(Data extracted from a collection)
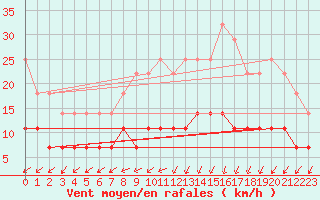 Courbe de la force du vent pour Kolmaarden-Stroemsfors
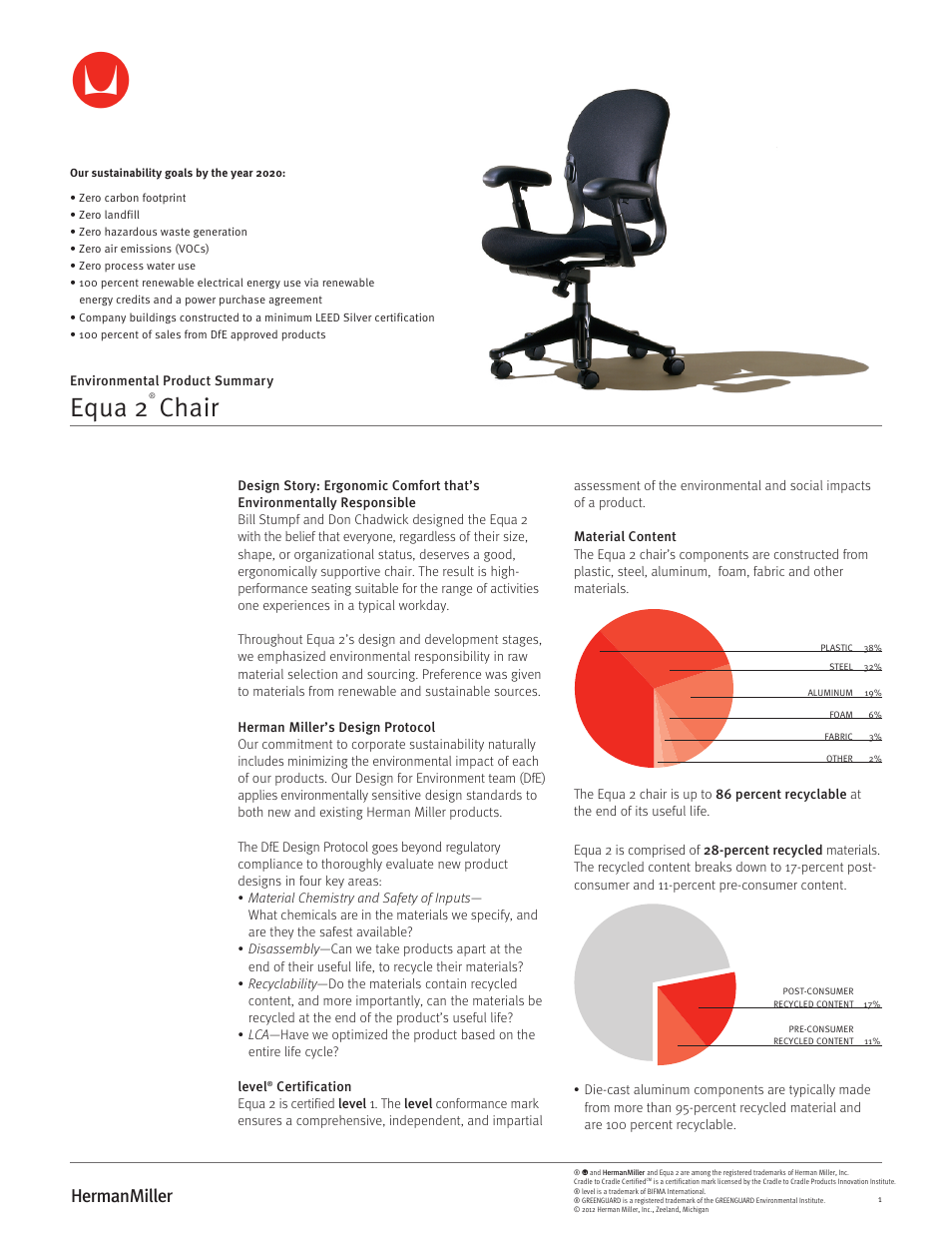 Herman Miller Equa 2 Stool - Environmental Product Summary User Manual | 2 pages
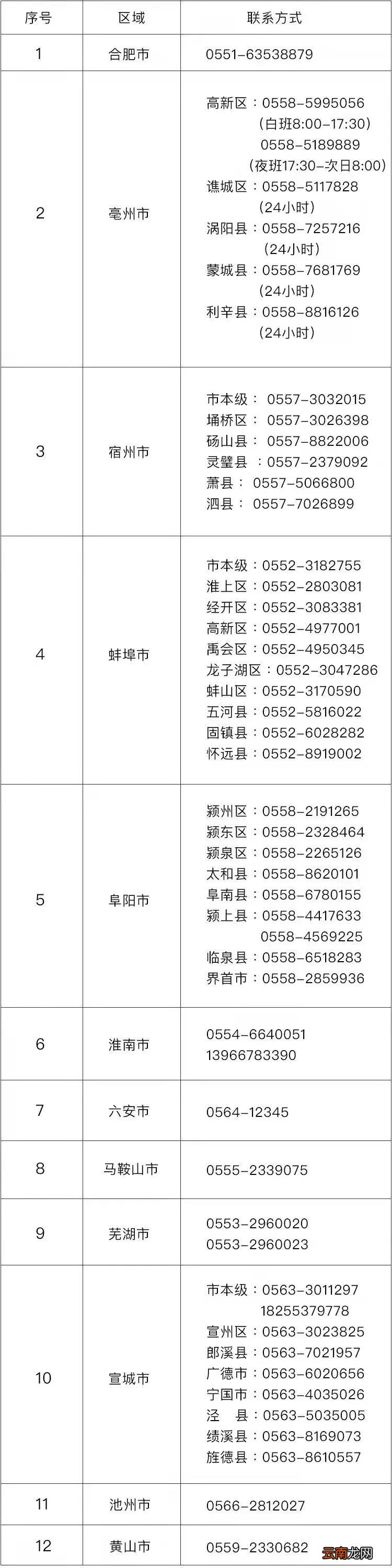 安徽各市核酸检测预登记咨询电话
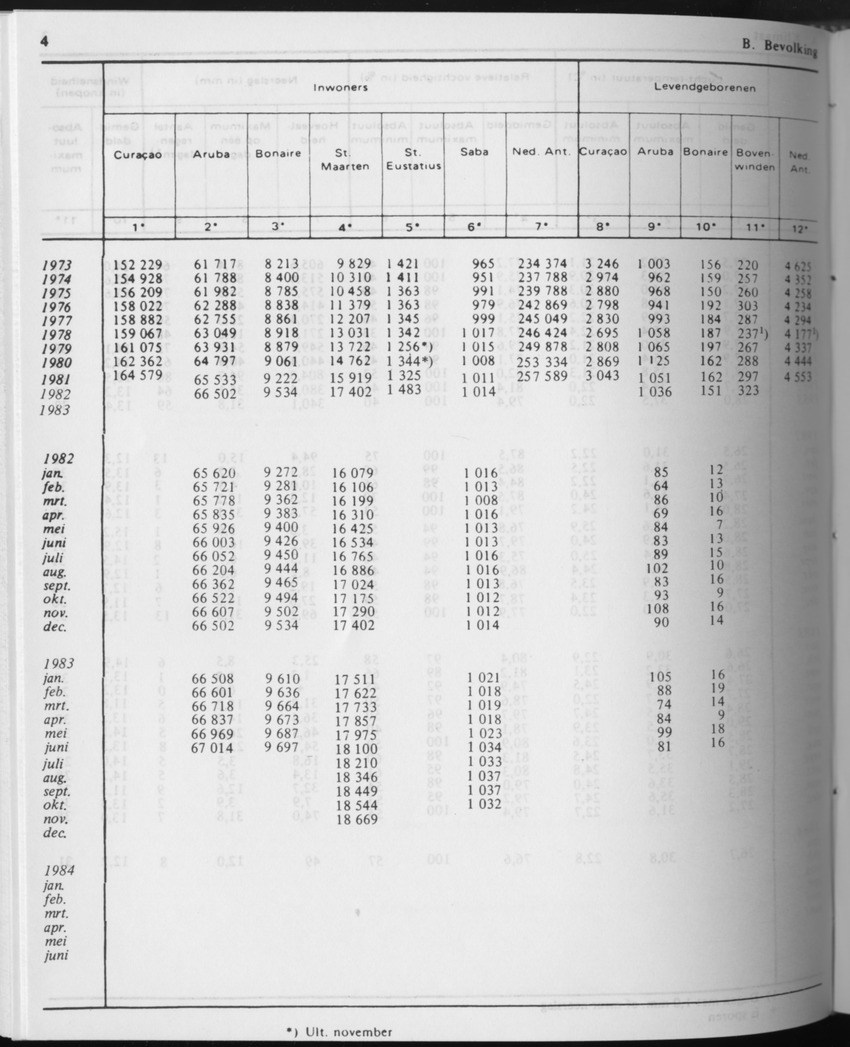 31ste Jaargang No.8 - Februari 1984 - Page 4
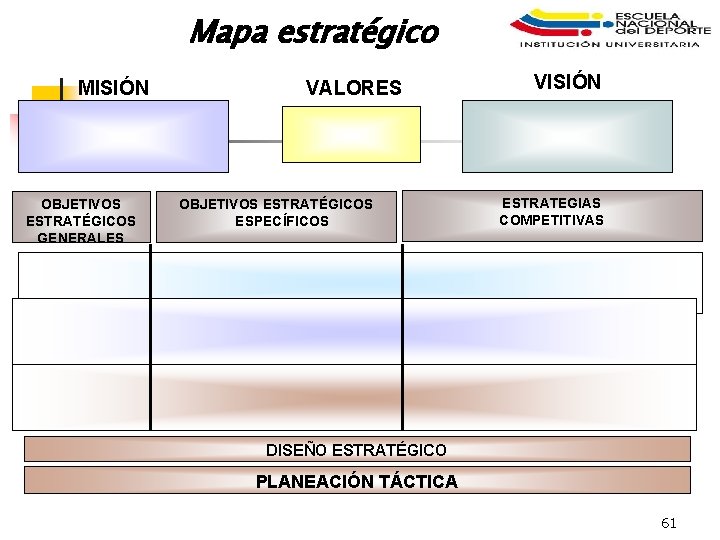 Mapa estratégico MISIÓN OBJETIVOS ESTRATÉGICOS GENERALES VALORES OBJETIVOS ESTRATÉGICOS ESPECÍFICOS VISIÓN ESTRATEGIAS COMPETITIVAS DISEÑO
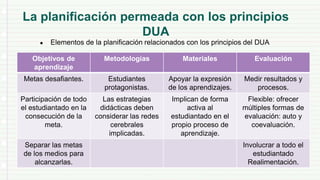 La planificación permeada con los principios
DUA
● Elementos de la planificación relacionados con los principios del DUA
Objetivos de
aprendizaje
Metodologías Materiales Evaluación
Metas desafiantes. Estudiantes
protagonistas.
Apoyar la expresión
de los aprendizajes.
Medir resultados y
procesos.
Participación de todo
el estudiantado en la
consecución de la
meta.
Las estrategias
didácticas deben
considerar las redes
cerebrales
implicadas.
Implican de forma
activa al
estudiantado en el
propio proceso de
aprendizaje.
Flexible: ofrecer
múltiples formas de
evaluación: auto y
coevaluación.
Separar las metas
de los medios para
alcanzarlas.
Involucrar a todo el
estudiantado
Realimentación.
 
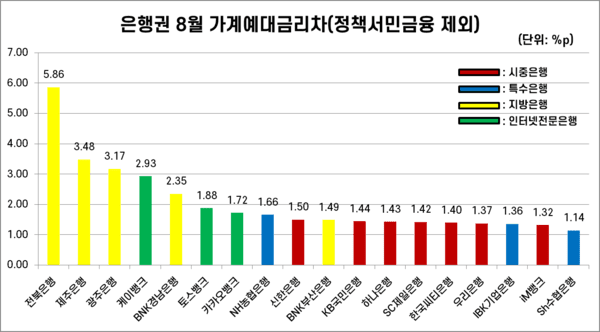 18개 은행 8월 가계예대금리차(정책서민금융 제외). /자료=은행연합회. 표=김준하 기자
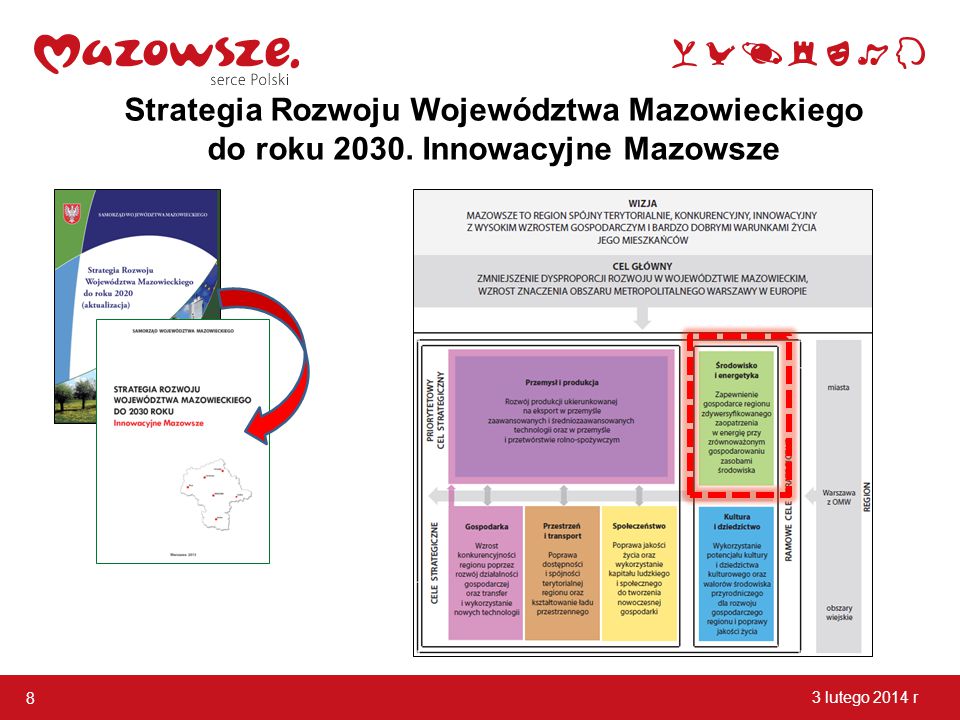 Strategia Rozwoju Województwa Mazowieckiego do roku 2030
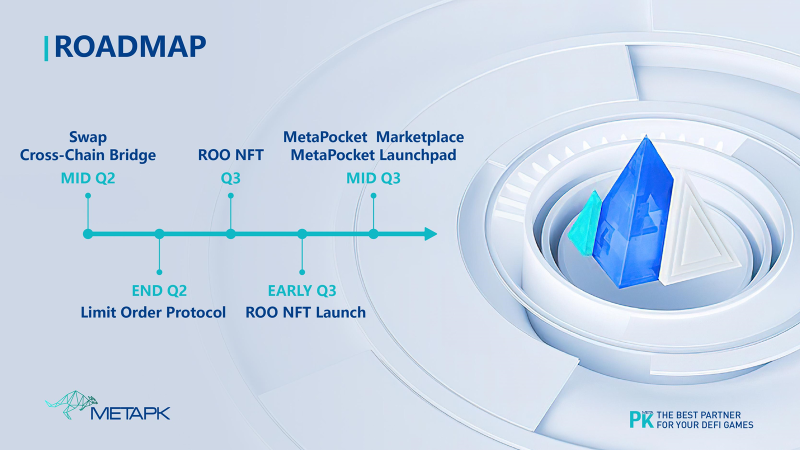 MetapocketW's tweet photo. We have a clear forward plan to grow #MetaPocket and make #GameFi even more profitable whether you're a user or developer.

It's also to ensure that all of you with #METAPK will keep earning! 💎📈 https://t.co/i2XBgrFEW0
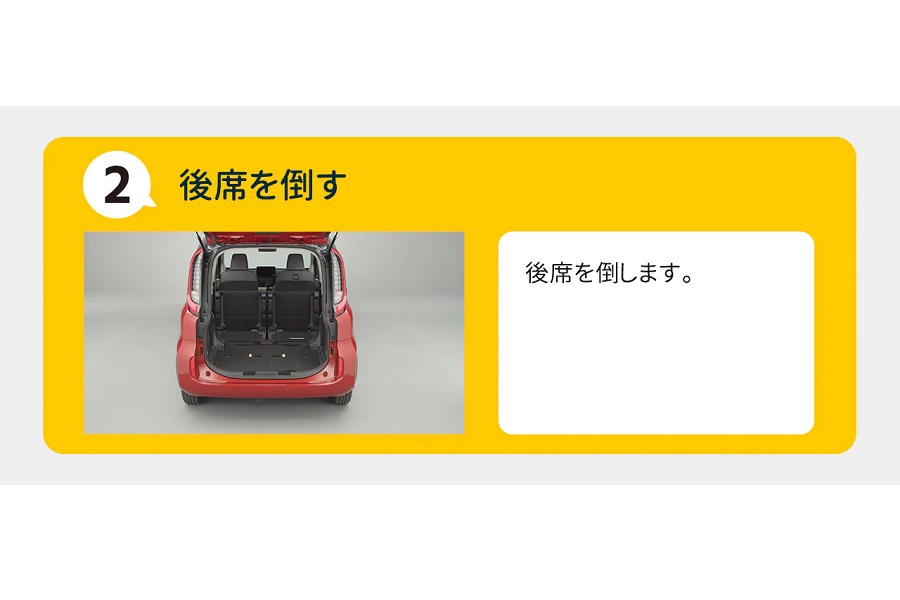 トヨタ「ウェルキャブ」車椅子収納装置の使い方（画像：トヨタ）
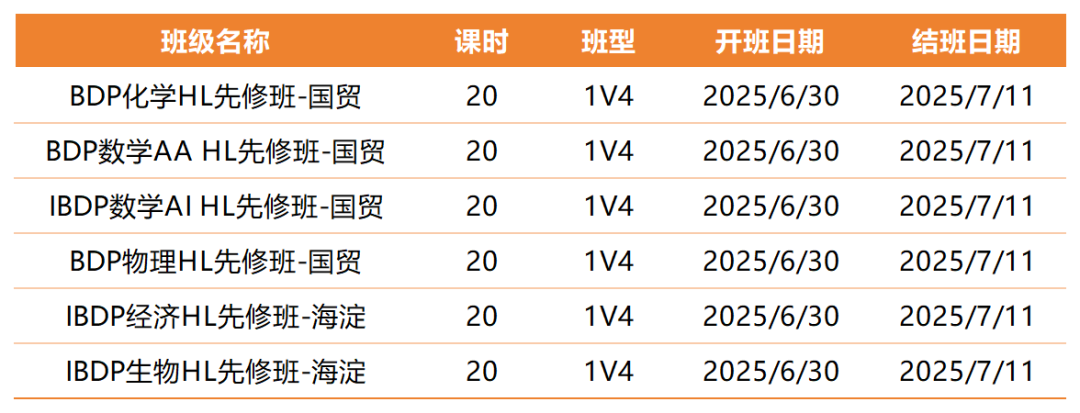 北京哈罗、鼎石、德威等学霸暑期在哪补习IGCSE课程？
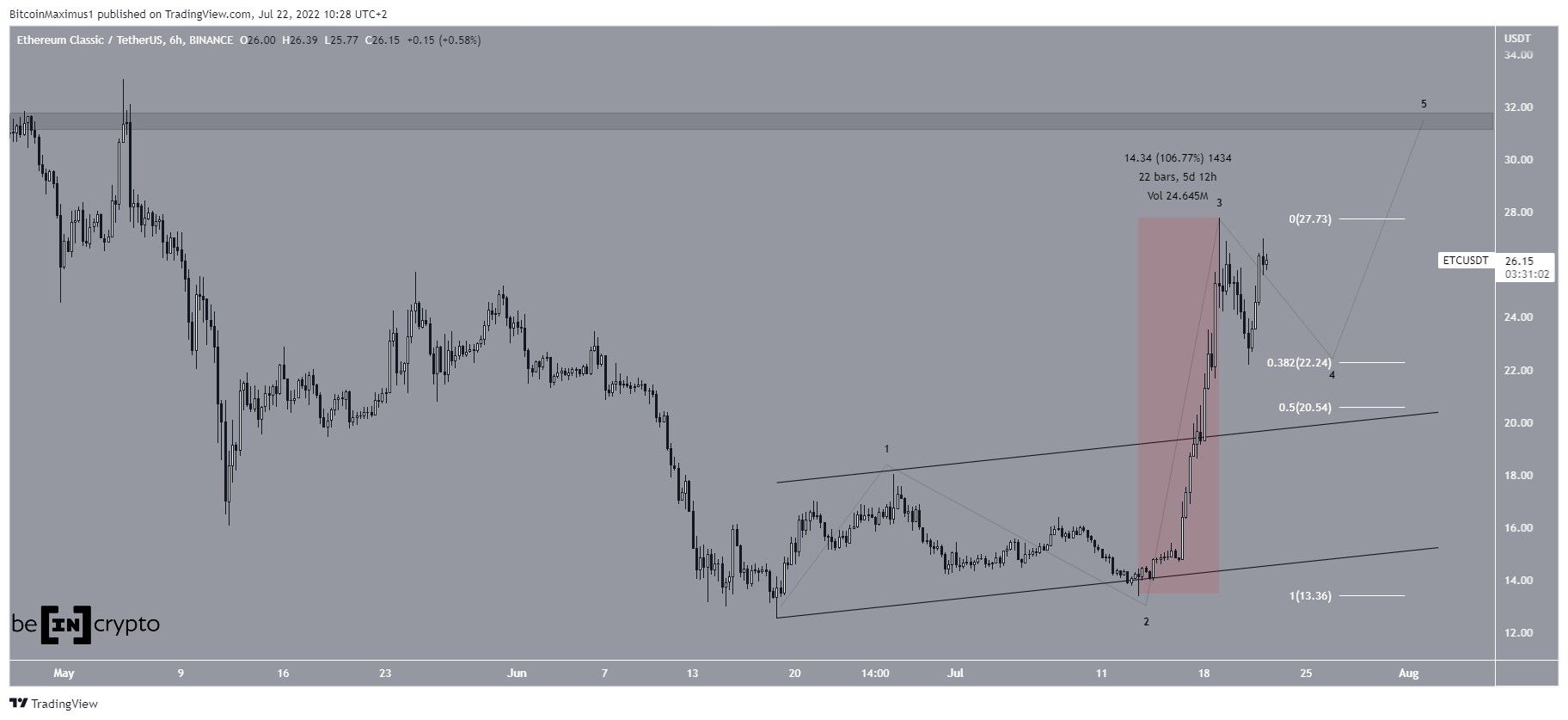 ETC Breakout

Aim of the task:
Return only those lines of the records that contain the string "estudiantado".

The completed task:
el estudiantado en la
estudiantado en el
estudiantado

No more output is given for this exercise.